Meso-level HPC analysis of concrete specimens subject to external sulfate attack, and computational aspects

Concrete is considered a heterogeneous material composed of aggregates enclosed by a mortar matrix. The Finite Element analysis is performed by inserting zero-thickness interface elements in between continuum elements along pre-selected paths representing main potential crack paths. These interface elements are equipped with a fracture-based constitutive law. In previous literature this approach has been shown to provide very realistic results in the study of concrete fracture. Moreover, remeshing becomes unnecessary by the a-priori insertion of these elements where the fracture capability is concentrated, and the problem of localized deformation in the continuum elements is also overcome. However, using this approach a duplication of nodes occurs along the surfaces where they are inserted, and this may lead to a very high computational effort.
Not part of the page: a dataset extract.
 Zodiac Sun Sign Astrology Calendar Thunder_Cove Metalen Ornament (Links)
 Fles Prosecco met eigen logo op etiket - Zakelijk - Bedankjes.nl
In recent years, the group of Mechanics of Materials (MECMAT) at the Universitat Politècnica de Catalunya (UPC) has devoted substantial effort to extend the applicability of such approach to a variety of coupled problems, and to increase its efficiency via Message Passing Interface (MPI) parallelization and Portable, Extensible Toolkit for Scientific Computation (PETSc) libraries. In particular, these improvements have also been applied to the 3-D analysis of concrete specimens subject to External Sulphate Attack (ESA). In this context, the paper describes the coupled Chemo-Mechanical (C-M) model, presents the latest results obtained with various meshes of progressively larger sizes, and shows the scalability of the parallel implementation developed. Additionally, the paper describes a new technique developed to reduce computation times, consisting of identification of continuum blocks surrounded by interface elements and eliminating internal nodes using a Schur complement scheme. The new strategy has only been implemented so far in sequential mode, but results are presented that lead to significant reduction in computation time, and work is under way to achieve full parallel version of this technique.